As well you can view my page on the Tongariro Alpine Crossing here on VT:
[original VT link]
Especially note if you scroll down and see my Travelogues with many photos from my hike.

Good luck and have fun.

answered by
a VirtualTourist member from Apeldoorn

An alternative could be one of the walks from the visitor center at Whakapapa Village.
We did the walk to the Tama Lakes. The track goes through tussock land, passes the Tarinaka Falls and along many old lava flows and rocks before reaching the Tama Lakes.

See for more info: [original VT link]

Happy travels

answered by
a VirtualTourist member from Christchurch

Let's just assume that you will have perfect weather conditions. (In any adverse kind of weather you should not tackle the track if you are no real experienced and perfectly fit mountaineer.)

Your idea of only walking to the rim of the Red Crater is not bad, given your husband's knee problems.
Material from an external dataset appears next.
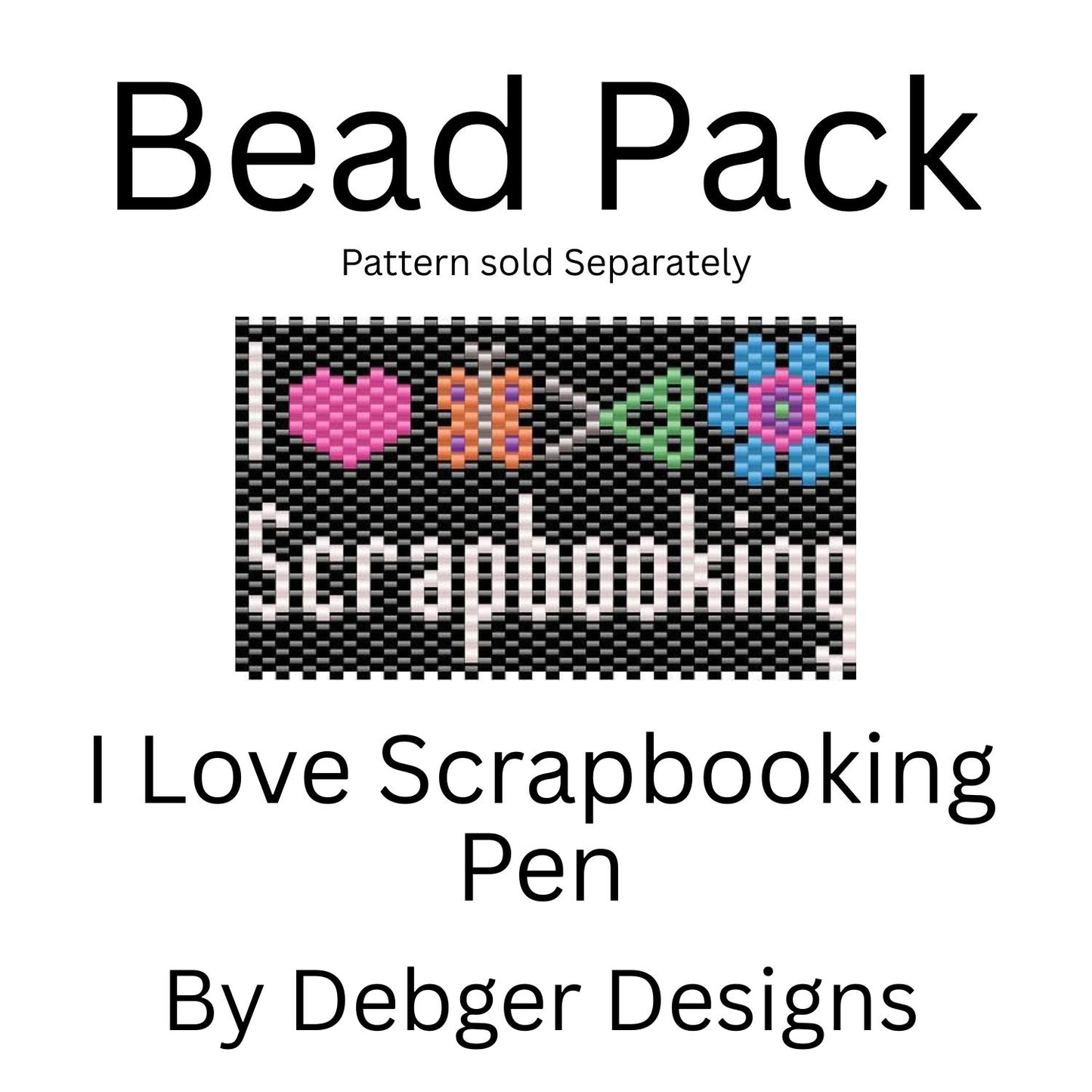 I Love Scrapbooking Pen Bead Pack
There is nothing worse for someone with knee problems than the endless downhill walk from Blue Lake past Ketetahi Hut to Ketetahi carpark.

If you make a U-turn at Red Crater (which is the highest point of the hike) you have two steep downhill sections but also some flat crater crossings and moderate downhill sections. In the web brochure you can see the topography of the hike.
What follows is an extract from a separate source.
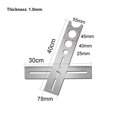 thumbnail image 2 of Multi-Functional Stainless Steel Ceramic Tile Hole Locator Ruler Adjustable Punching Hand Measure Tools For House Decorated Work ,Easy to Use, 2 of 7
If you have a look at other walks from Whakapapa Village, there are also shorter walks with great views, especially the Skyline Route (guided walk, if you want). It is tough but only 1.5 hours return:

You have great views of the volcanoes from many points in the region, and already magic from the road leading to Whakapapa Village. But I agree, the Red Crater is very special.

A great alternative would be a chairlift ride up to Mt. Ruapehu, the North Island's highest peak. The chairlift operates until 25 April. So if the weather is good you could do that and then do the (guided) Skyline walk.

answered by
a VirtualTourist member from New Zealand

The trouble is, you can set out in perfect weather with a perfect forecast, and within 30 mins all that can go bad and change.
You need to be prepared for the worst.

answered by
a VirtualTourist member from Plano

Thank you for all your answers. You have definitely given us some options to think about, and we realize that the weather will be a major factor. I assume that the chairlift would also offer great views. Also, would the hike to the Red Crater rim and back take as long as the crossing itself?

answered by
a VirtualTourist member from New Zealand

In your original question you mention that the weather and not your husbands crook knees are the reason you hesitate doing the complete crossing.
Depending on the state of his knee, depends on whether or not I'd recommend going to the Red Crater rim. You say he uses poles to walk and that is good for this hike and much of the time you are walking along a fairly flat well formed track. The climb from the Soda Springs to the Mangetepopo Saddle is steep over scoria and is definitely a potential hazard for ankles and knees. That is so for everyone not just those with previous injuries, but just to say bind up and be well prepared and take your time (more time). I might mention that this point is good to review the weather and see what is ahead, you can easily turn back here.
Actually the views for the saddle are stunning, back over Mt Taranaki if it is clear.
Mangetepopo carpark to Red Crater is 2 1/2 to 3 1/2 hrs depending on your rate.
Return is a little quicker but not necessarily much quicker.
After the saddle you cross South Crater which is almost dead flat but is longer than it looks. Then another climb up to the crater. However if the wind is up people end up on hands and knees to traverse this area and reach the crater rim.
I would guess that Red Crater is almost half way on the hike, so it's not much quicker than the entire crossing. The advantage of turning back after Red Crater is that you miss the leg busting steps that are way too high (18 ins plus) at the Ketetahi end of the crossing. With going downhill, your body puts added weight on knees with each step. Poles help here.
There are some great books on walks around NZ and specifically the Tongariro National Park, a very good bookshop at the Auckland International Airport has many of these. As well you will get good advice on weather and conditions in Taupo at the time you are there. The Crossing is always last minute decisions.